WHAT YOU SHOULD DO: Repeat exactly the stretch of lines that starts with the one containing "We try and keep" and ends with the last line of the material. Leave out pictures.

DATA BELOW:
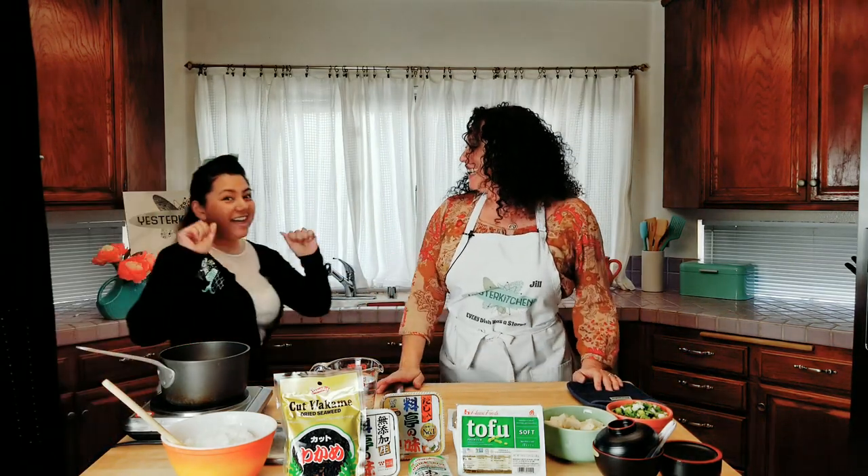This is Yester Kitchen and I'm Jill. Thank you so much for being here. So today I want you to meet a friend of mine — Judy Ann, come on in. Hello. This is Judy Ann. Isn't she adorable?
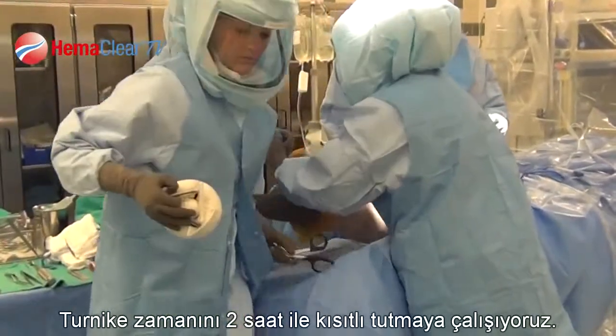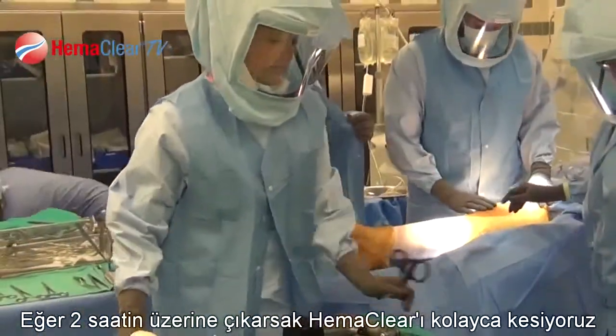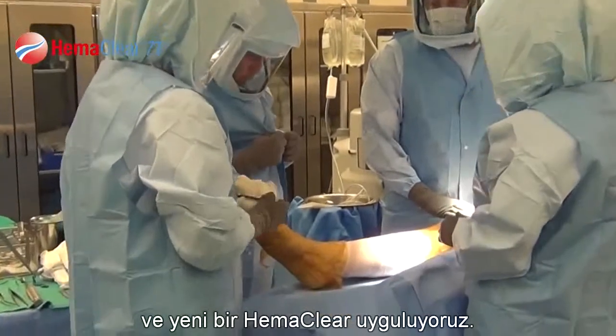We try and keep our tourniquet times under two hours. If we do go over two hours, it's very easy — we just cut the Hemoclear and then apply another Hemoclear.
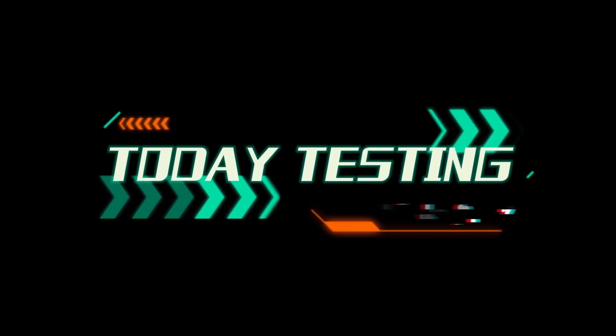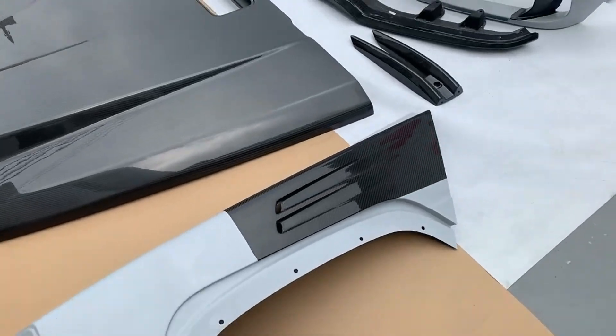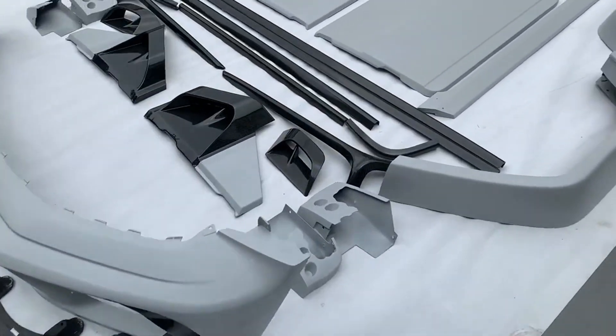Today, testing W464G-563 two-month three-styled body kit, premium material, quality carbon fiber material with advanced technology and elaborate workmanship.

WRITTEN RESPONSE:
We try and keep our tourniquet times under two hours. If we do go over two hours, it's very easy — we just cut the Hemoclear and then apply another Hemoclear.
Today, testing W464G-563 two-month three-styled body kit, premium material, quality carbon fiber material with advanced technology and elaborate workmanship.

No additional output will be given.